Homily for St Laurence

St Laurence

Please see below Fr Gabriel's Homily for the Patronal Solemnity of St Laurence.

We celebrate today in great joy and thanksgiving, as we do every year, the feast of our patron St Laurence, deacon and martyr, asking his prayers that we enter with yet greater fidelity into our own vocation as individual monks and as a community who bear his name.

Jesus says, according to today’s gospel, that wherever he is, his servant will be there too. He says this at the point in John’s gospel, just after he has entered Jerusalem and in a section foretelling his death, which for the Fourth Gospel is also his glorification: now is the Son of Man glorified, now the seed falls into the earth and dies that it may yield a rich harvest, now he who hates his life in this world keeps it for eternal life. Seeing his death as a glorification in no way diminishes the terror, the pain and agony of the ‘lifting up’ by which it will be accomplished.

Wherever I am, my servant – my deacon (diakonos) - will be there too and he too, like me, must lose his life to find it. St Laurence is a saint, who somewhat like St Francis, seems to have his power from the particular intensity, albeit shared by all the saints, of his likeness to Christ, by his powerful being where Christ is. Hence perhaps the nine churches dedicated to him in Rome, in some cases marking the stages of his condemnation, imprisonment, death and burial, and the two hundred dedications in medieval England and many more besides in other places. Laurence acquires his power, it may be, from his being conformed to Christ, through the way in which he shows us what it means to be with Christ where he is, to share in Christ, to become Christ.

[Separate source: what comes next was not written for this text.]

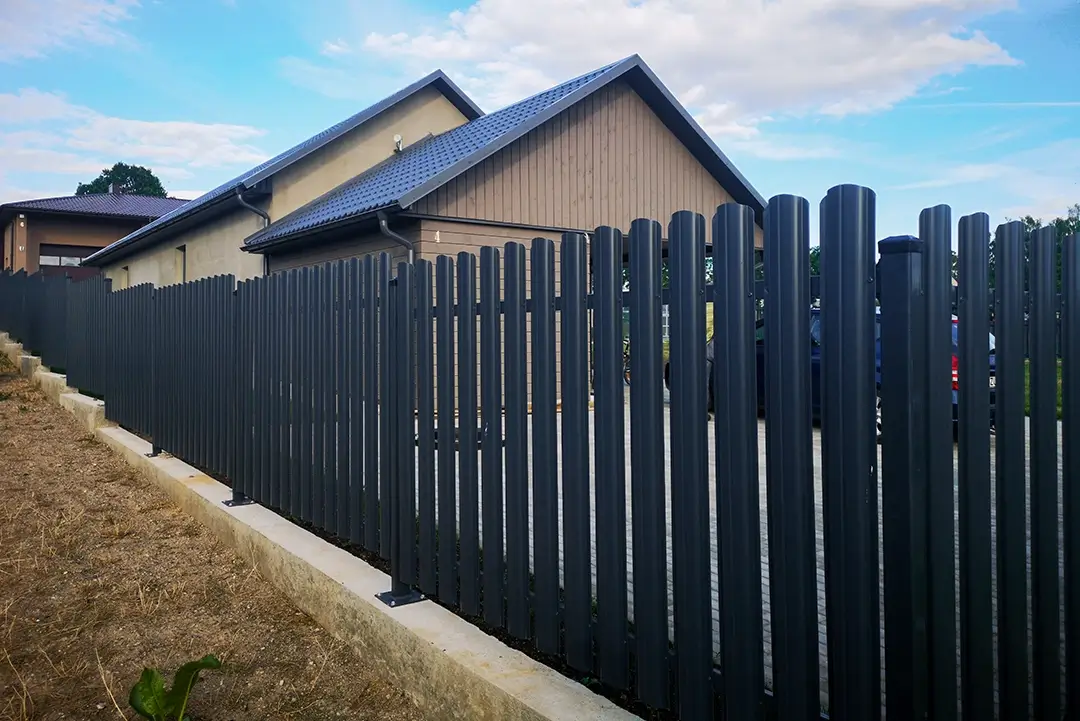 Horizontaliu-tvoralenciu-stakietu-skardine-tvora-Metallum-Novum-04 - Metallum Novum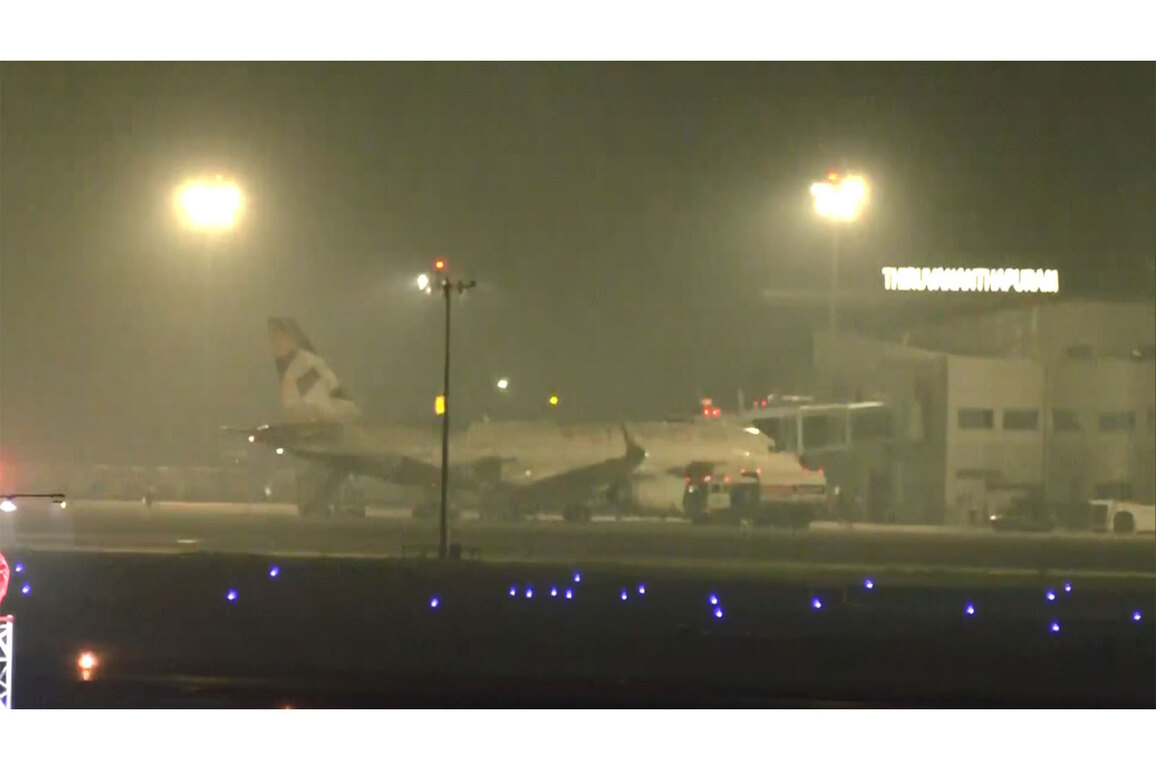 Saudia flight from Jakarta diverted to Thiruvananthapuram after passenger falls unconscious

This is a much deeper identification than a mere likeness or similarity, still less a want of imagination in legend tellers to find novelty, something new or different. It is ‘in Christ’ as Christ, that Laurence gives sight to a blind man. It is ‘in Christ’ as Christ that he told the prefect that the poor are the true treasures of the Church. It is ‘in Christ’ becoming the perfect Christ that his apparent jest about being well cooked, seems to point more deeply and truly to Christ who is the true food of the world. Laurence is where Christ is.

We claim Laurence as patron that we, like him, may be where Christ is, that we be his servants, his deacons, who become him and are offered with him, food for the world. It means taking a stand, being involved in a confrontation, a battle, in which we are not adored, praised and petted on all sides. Seeking such, should we do so, let us be warned, we have had our reward.

The three young men in the book of Daniel who refuse to bow down before the statue the king has made and are thrown into the burning fiery furnace say impudently, daringly and defiantly: ‘Your question hardly requires an answer; if our God, the one we serve, is able to save us from the burning fiery furnace and from your power, O king, he will save us; and even if he does not then you must know, O king, that we will not serve your god or worship the statue you have erected’. They fall headlong into the fire, but they are unharmed down to the individual hairs on their head. They walk in the fire and they sing a psalm of praise. Sing a psalm. And there is a fourth who walks with them, who looks like a son of the gods.

We, sons of St Laurence, may not be short of analogues for the burning fiery furnace, albeit at times poor sons that we be, not for the same high principle or moral high ground. May he nonetheless, upon whom we call, look on us and aid us with his prayers that we may, according to our vocation, sing our due psalm of praise in the midst of the fire.